The international tensions created new business opportunities for arms companies who were happy to purposely exaggerate and in some cases create war scares with the aim of increasing the arms race.

One example of this is Herbert Mulliner, the Director of Coventry Ordnance Works, who in 1909, with the support of the Daily Mail, persuaded the British government that Germany was secretly accelerating its naval programme. The scare stimulated massive naval expenditure and created an atmosphere of mutual suspicion, making war more likely. Even Winston Churchill later accepted that the claims were entirely false.

Arms dealers interests were protected thanks to the intimate relationship they often had with politicians. In 1914 one Labour MP, Philip Snowden, told the House of Commons that with so many MPs being shareholders of arms companies, ‘it is not possible to throw a stone at the benches opposite without hitting one.’

The arms companies also didn’t care who they sold their weapons to. As the march to war continued, their drive for profits at all costs even led UK arms companies, Armstrong and Vickers – which later merged to become BAE – to sell weapons to the Ottoman Empire that would soon be turned on British soldiers in the disastrous Gallipoli campaign.

The human cost of war should never be forgotten, and that is why the arms trade needs to be reminded time and time again about the terrible crimes that it directly supported and facilitated.

The arms trade today

The brother of 23 year old Juma Massoud Rianni cries when he hears that his brother was one of many prisoners who were executed. Tripoli, Libya, 28 August 2011 © Jeroen Oerlemans, Panos

After the First World War many rightly believed the arms trade to be a primary cause of war. The unprecedented scale of death and destruction wrought by modern weaponry led a majority of people to support disarmament and international conciliation. The scale of opposition was seen with nationwide events, such as the Peace Ballot, in which over 10 million people registered their opposition to the arms trade.

Unfortunately the fundamentals of the arms trade are unchanged since then. Arms companies still exist to sell weapons, irrespective of of national boundaries, and selling to all sides in a conflict has not abated since the First World War. The conflict in Libya is a case in point. It saw arms from one company, MBDA, being used by Gaddafi’s forces, the Libyan rebels and the UK and French military.
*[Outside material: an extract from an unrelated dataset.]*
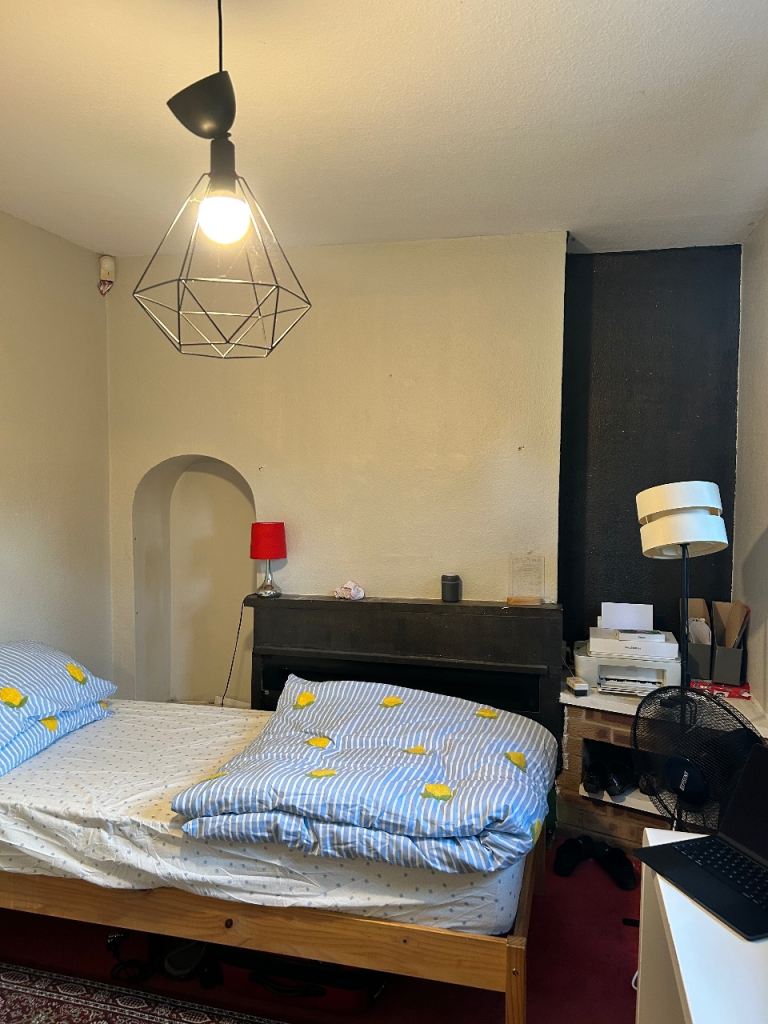 Spacious Double Room Available – £500 PCM | Quiet Location | Ideal for Students & Professionals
The close relationship and revolving door between the industry and government is also still dominant today as politicians often become managers for arms companies when they leave politics. One of the most striking examples of recent years is that of Sir Sherard Cowper-Coles, who, as Britain’s Ambassador to Saudi Arabia, pressured the Serious Fraud Office to drop its investigation into BAE-Saudi arms deals. On leaving the Foreign Office he was given a job with BAE Systems.

Those of us that seek to challenge the arms trade and its militaristic mindset today need to continue countering the same myths that arms companies are a ‘necessary evil’ and act in the national interest. Focusing on and exposing their profiteering conduct a century ago and drawing the parallels with today is essential when responding to those that are trying to teach the wrong lessons from the First World War today.